Characterizing and Enhancing Energy Efficiency in Manycore Processors for Data Center Applications

Abstract

Power and energy have become primary design constraints for modern processors. Power no longer scales with transistor channel length, causing power density to increase. Continued transistor scaling will require prohibitively expensive cooling technologies. This is particularly an issue in data centers, where the cost of power and cooling has a major impact on the total cost of ownership. Data centers have grown and expanded rapidly due to the advent of cloud computing and interactive web services. The unabated migration of compute to data centers means future data centers will continue to require more compute which can be cooled in a cost-effective way. As a result, architects have looked to manycore processors due to their performance on parallel workloads and energy efficiency benefits.

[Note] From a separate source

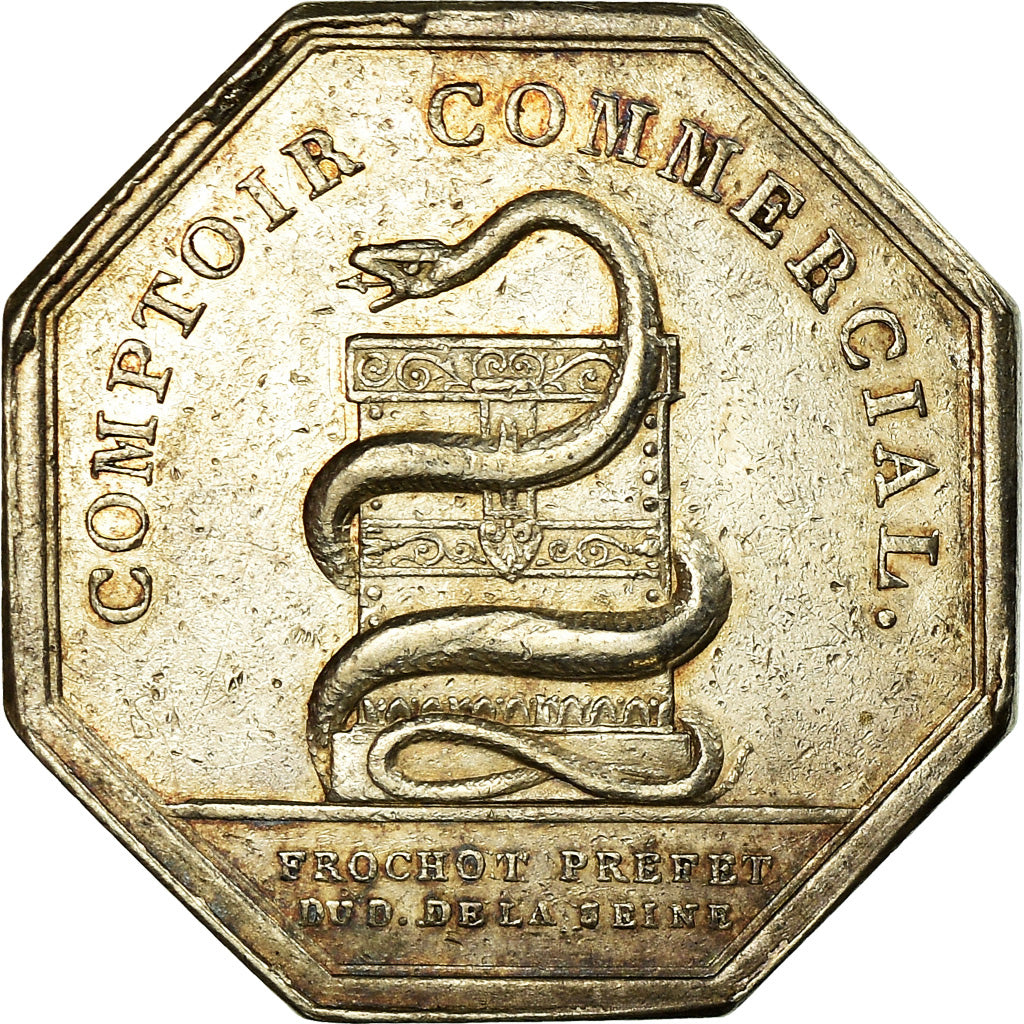 France, Token, Banques, Comptoir Commercial, 1802, AU(55-58), Silver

As opposed to conventional multicore data center processors which utilize a few large out-of-order cores optimized for instruction level parallelism, manycores utilize many smaller cores optimized for throughput. The sea of smaller cores work in parallel on a problem, each working on a smaller portion of the overall problem. As a result, each core can run slower, and the same amount of work can be completed in the same amount of time using less energy.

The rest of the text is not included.